**ASSIGNMENT**
Would you please repeat exactly the entries below, starting at the line with "a tattoo with" and ending at the line with "Terrain de jeux", and nothing outside that range? Leave out the pictures.

====== MATERIAL SUPPLIED

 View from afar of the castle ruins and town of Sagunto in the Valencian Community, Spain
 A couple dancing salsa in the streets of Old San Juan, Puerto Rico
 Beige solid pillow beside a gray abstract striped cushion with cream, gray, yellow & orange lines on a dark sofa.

============
====== MATERIAL SUPPLIED

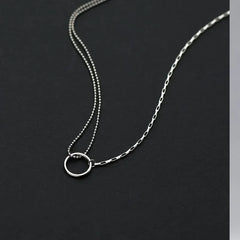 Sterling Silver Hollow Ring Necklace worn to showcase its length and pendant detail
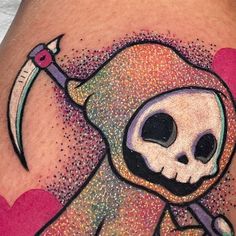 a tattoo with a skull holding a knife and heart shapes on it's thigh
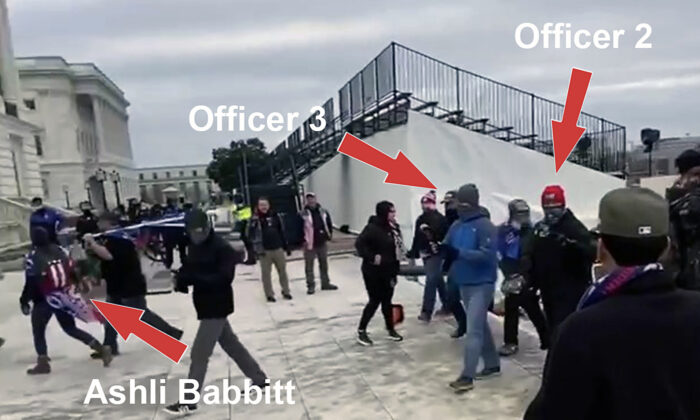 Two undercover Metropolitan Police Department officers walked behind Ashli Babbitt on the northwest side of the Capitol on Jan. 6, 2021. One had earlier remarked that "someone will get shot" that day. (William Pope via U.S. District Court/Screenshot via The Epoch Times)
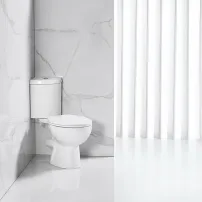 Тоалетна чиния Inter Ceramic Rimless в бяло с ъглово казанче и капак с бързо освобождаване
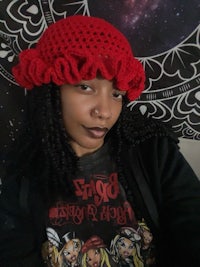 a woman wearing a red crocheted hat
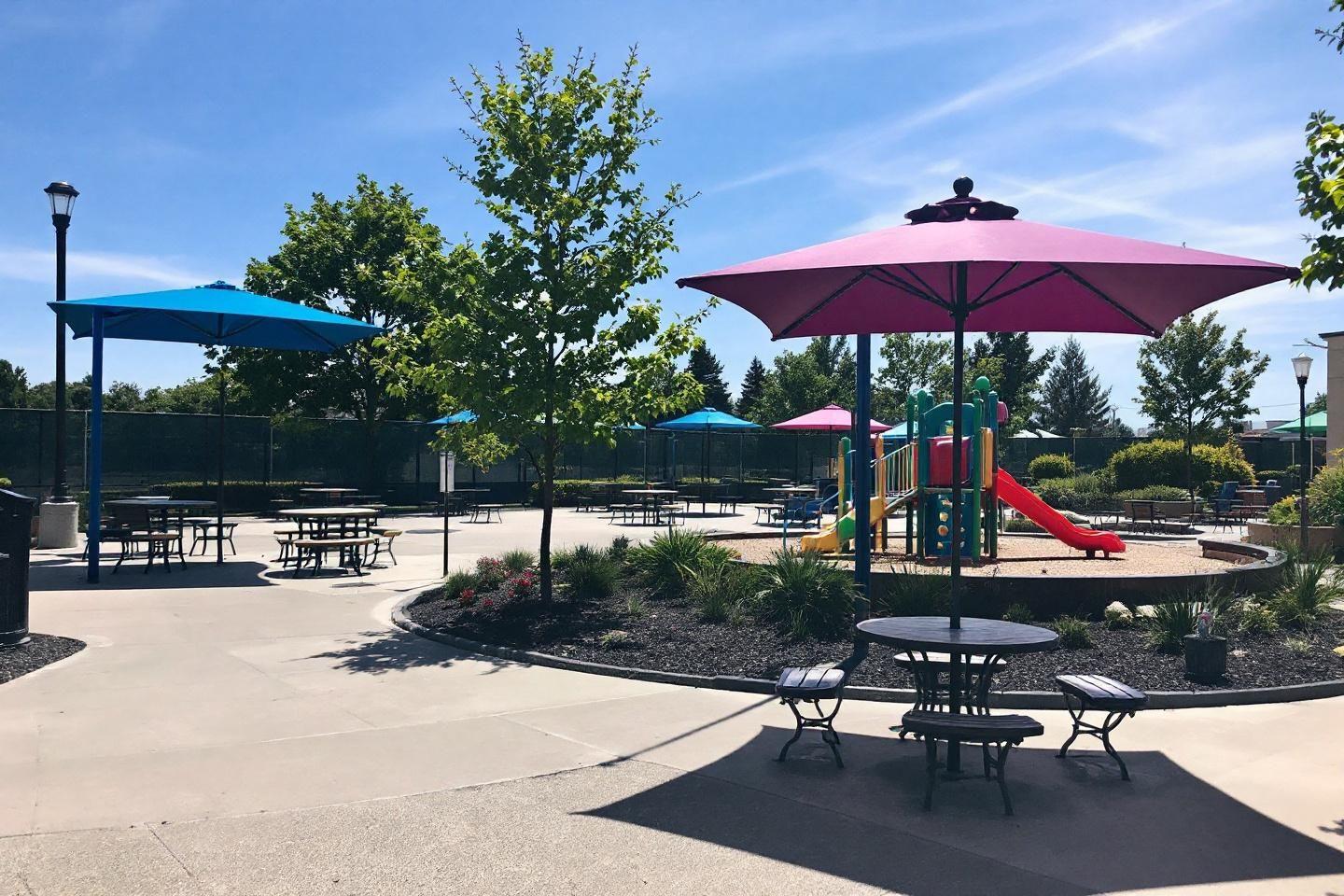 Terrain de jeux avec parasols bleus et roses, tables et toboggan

============

**THE COMPLETED TASK**
 a tattoo with a skull holding a knife and heart shapes on it's thigh
 Two undercover Metropolitan Police Department officers walked behind Ashli Babbitt on the northwest side of the Capitol on Jan. 6, 2021. One had earlier remarked that "someone will get shot" that day. (William Pope via U.S. District Court/Screenshot via The Epoch Times)
 Тоалетна чиния Inter Ceramic Rimless в бяло с ъглово казанче и капак с бързо освобождаване
 a woman wearing a red crocheted hat
 Terrain de jeux avec parasols bleus et roses, tables et toboggan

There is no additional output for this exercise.